Polish poet Wislawa Szymborska thanks members of the Polish Pen Club after receiving a Pen Club award on September 30.

Credit: Reuters/Stringer

Wed Feb 1, 2012 6:09pm EST

WARSAW, Feb 1 - Polish Nobel Prize winning poet Wislawa Szymborska, once described as the "Mozart of Poetry," died on Wednesday, after suffering from lung cancer. She was 88.

"She died quietly, in her sleep," Szymborska's assistant Michal Rusinek was quoted as saying by the state news agency PAP.

The shy poet became a reluctant celebrity when she became the fourth Pole to win the literary Nobel Prize in 1996.

Vaclav Havel, the playwright and former president of Czechoslovakia, once called Szymborska "such a pleasant, decent and modest lady."

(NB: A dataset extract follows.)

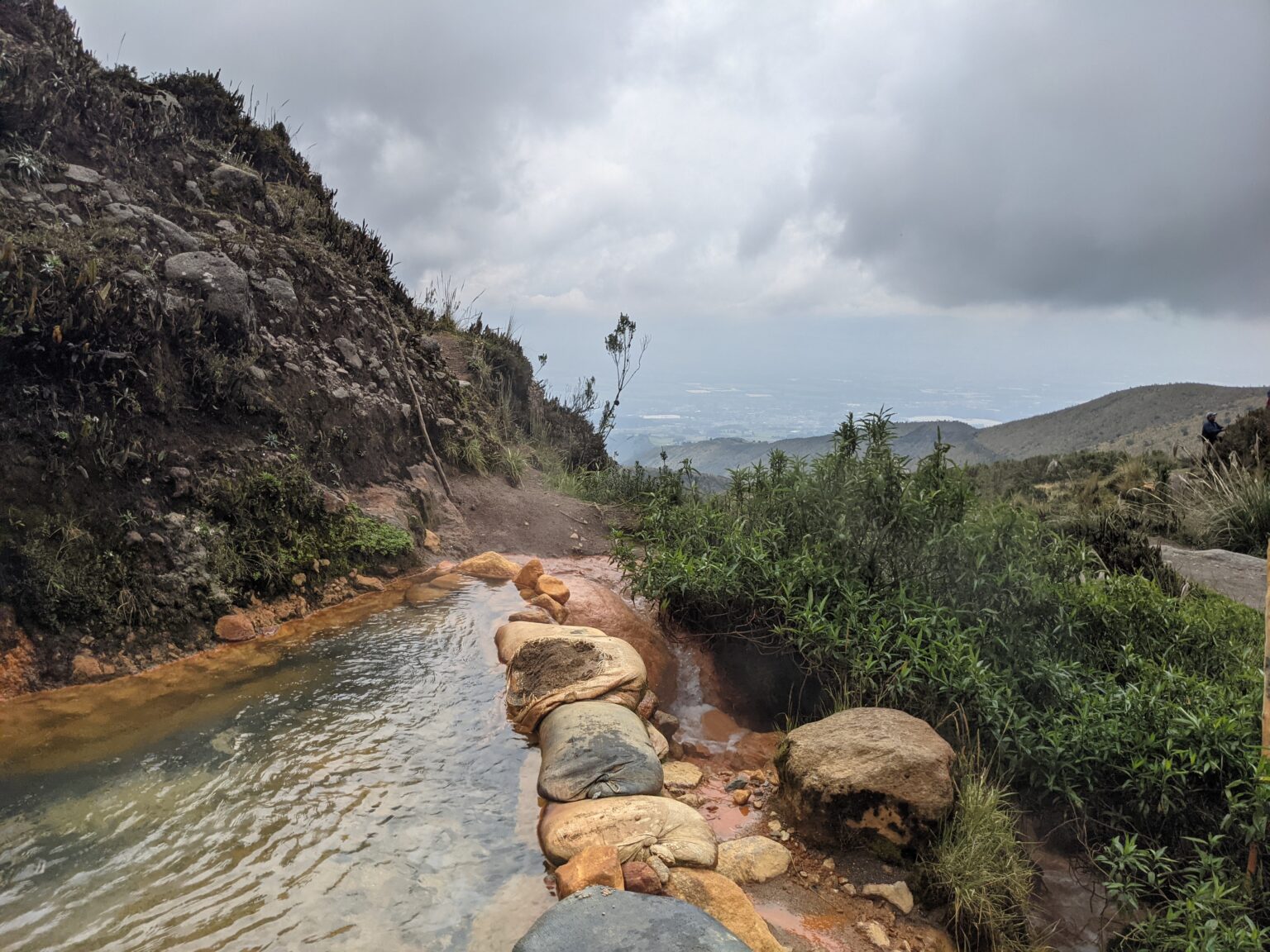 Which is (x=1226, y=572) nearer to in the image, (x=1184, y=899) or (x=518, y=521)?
(x=1184, y=899)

Szymborska, also a literary critic and a translator of French poetry, published several slim volumes after Stalinist censorship was lifted in 1957. She disowned earlier poems which reflected Stalinist era literary style and content.

Her work includes "Calling out to the Yeti" (1957), in which she compared Soviet leader Joseph Stalin to the abominable snowman, "People on the Bridge" (1986) and "The End and the Beginning" written in 1993.

Her poetry was known for its use of fables, anecdotes and extended metaphors, often peppered with irony and bitter humor.

Asked once why she published fewer than 350 poems, Szymborska replied: "I have a trash can in my home."

Last year, she was awarded Poland's highest civilian honor, the Order of the White Eagle, by President Bronislaw Komorowski.